Methods. We randomized 444 RA patients with inadequate response to MTX (3:3:2:2) to placebo + MTX (Group 1), golimumab 100 mg + placebo (Group 2), golimumab 50 mg + MTX (Group 3), or golimumab 100 mg + MTX (Group 4). Subcutaneous golimumab/placebo was injected every 4 weeks. Patients could escape early (Group 1 added golimumab 50 mg, Group 2 added MTX, Group 3 increased golimumab to 100 mg, Group 4 continued 100 mg) based on Week 16 swollen and tender joint counts. From Week 24, Group 1 patients received golimumab 50 mg + MTX. After the Week 52 database lock, patients in the longterm extension received golimumab 50–100 mg ± MTX. Coprimary endpoints [Week 14 American College of Rheumatology (ACR)20, Week 24 Health Assessment Questionnaire Disability Index (HAQ-DI)] and Week 52 findings have been published; 2-year findings (observed data by randomized group, no imputation) are presented.
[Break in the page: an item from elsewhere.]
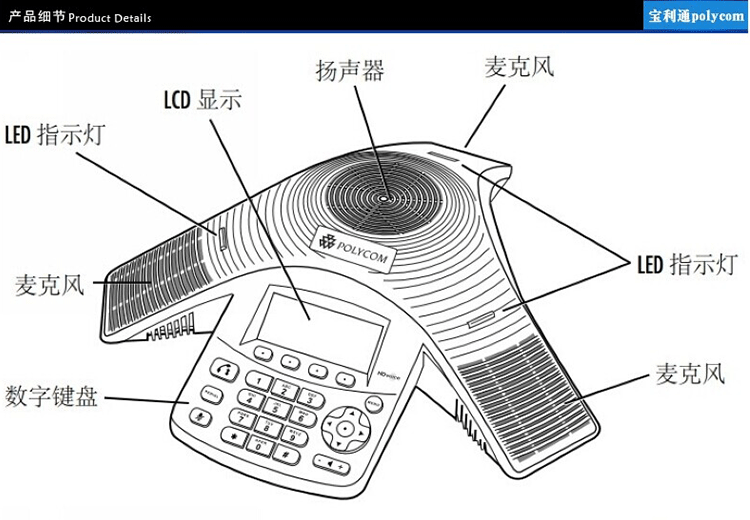 宝利通Polycom Sound Station IP5000 宝利通Polycom Sound Station IP5000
Results. Of 444 randomized patients, 392 continued from Week 52 (Group 1: n = 116, Group 2: n = 116, Group 3: n = 84, Group 4: n = 76). Clinical improvement was maintained through Week 104; ∼75% and 72% of patients randomized to golimumab 50 mg + MTX and 100 mg + MTX achieved ACR20 response, respectively. The majority [88% (105/120)] of golimumab + MTX–treated patients with Week 24 HAQ-DI improvement ≥ 0.25 maintained improved physical function through Week 104. Group 1 patients with delayed golimumab treatment exhibited more Week 104 radiographic progression (mean change score = 1.15) than golimumab + MTX-randomized patients (0.52). Incidences of serious infections were 2.24, 4.77, 5.78/100 patient-years of followup for golimumab 50 mg + MTX, 100 mg + placebo, and 100 mg + MTX, respectively.
Conclusion. Clinical improvement was maintained and no new safety signals were identified with 2 years of golimumab + MTX. Golimumab efficacy and safety, including serious infections, will continue to be monitored through 5 years (Clinical Trial No. NCT00264550).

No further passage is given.